Mink will attack animals up to the size of a chicken, duck, rabbit, or muskrat. While eating muskrats, a mink will often make an opening in the back or side of the neck and skin the animal by pulling the head and body through the hole as it feeds. Like some other members of the weasel family, mink occasionally exhibit “surplus killing” behavior (killing much more than they can possibly eat) when presented with an abundance of food, such as in a poultry house full of chickens. Mink may place many dead chickens neatly in a pile. Mink can eat significant numbers of upland nesting waterfowl or game bird young, particularly in areas where nesting habitat is limited.
Legal Status
Mink are protected furbearers in most states, with seasons established for taking them when their fur is prime. Most states, however, have provisions for landowners to control furbearers which are damaging their property at anytime of the year. Check with your state wildlife agency before using any lethal controls.

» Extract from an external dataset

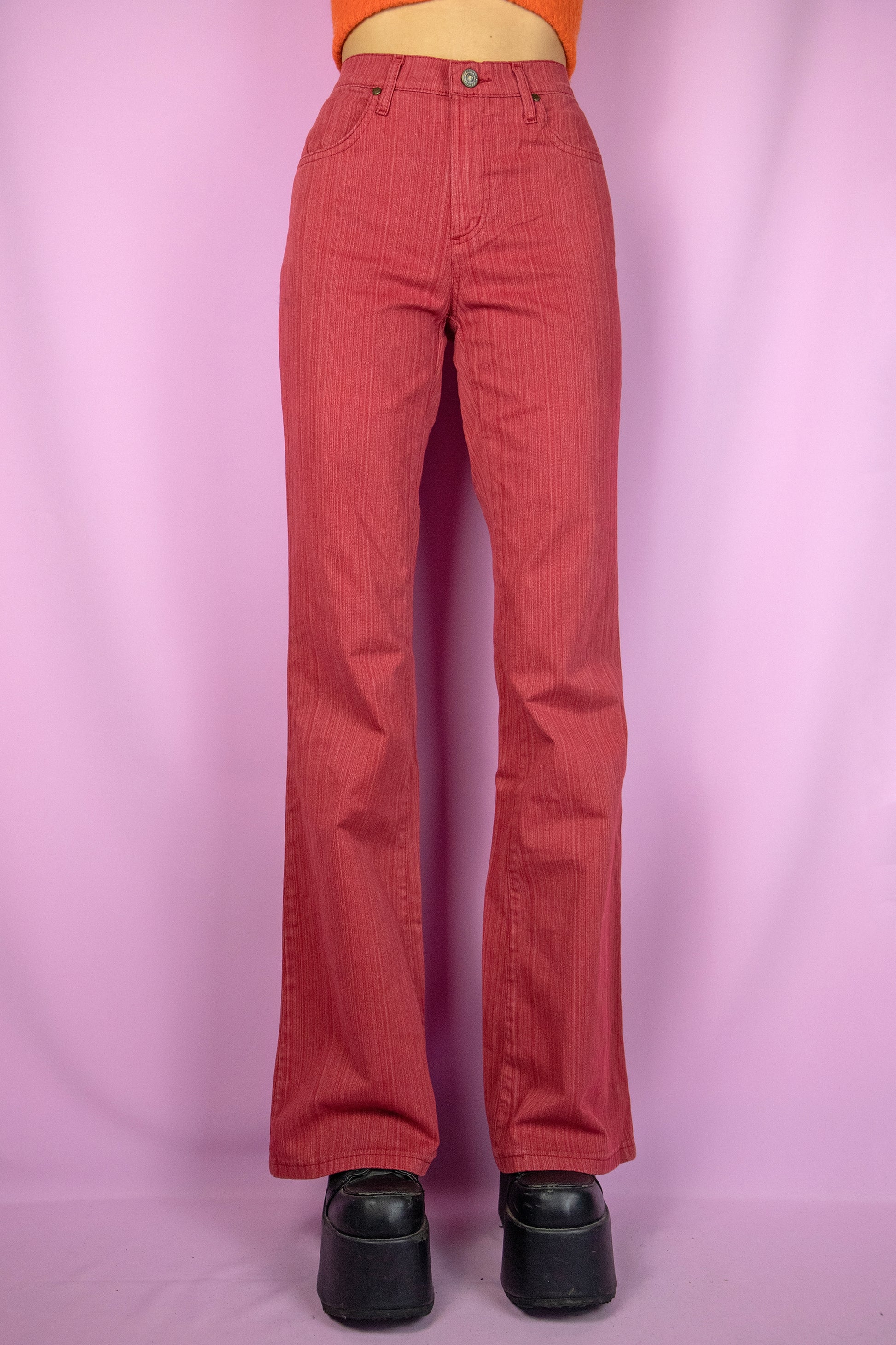 The Y2K Red Flare Jeans are vintage 2000s high-waisted, slightly stretchy pants with pockets and a zipper closure. Made in Spain. Excellent vintage condition.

Economics of Damage and Control
Although an individual incident of mink predation can be costly, overall the problem is not very significant to agriculture. Mink damage control on a case-by-case basis generally can be justified from a cost/benefit standpoint, but large-scale control programs are neither necessary nor desirable. Exclusion procedures may or may not be economically justifiable, depending on the severity of the problem and the amount of repairs needed. Normally, such costs can be justified for a recurring problem when amortized over the life of the exclusion structures. Usually damage from other predators and rodents is reduced as well.
Mink are important semiaquatic carnivores in wetland wildlife communities, and are also valuable as a fur resource. About 400,000 to 700,000 wild mink are harvested each year throughout North America, for an annual income exceeding $5 million. Therefore, all lethal control should be limited to specific instances of documented damage.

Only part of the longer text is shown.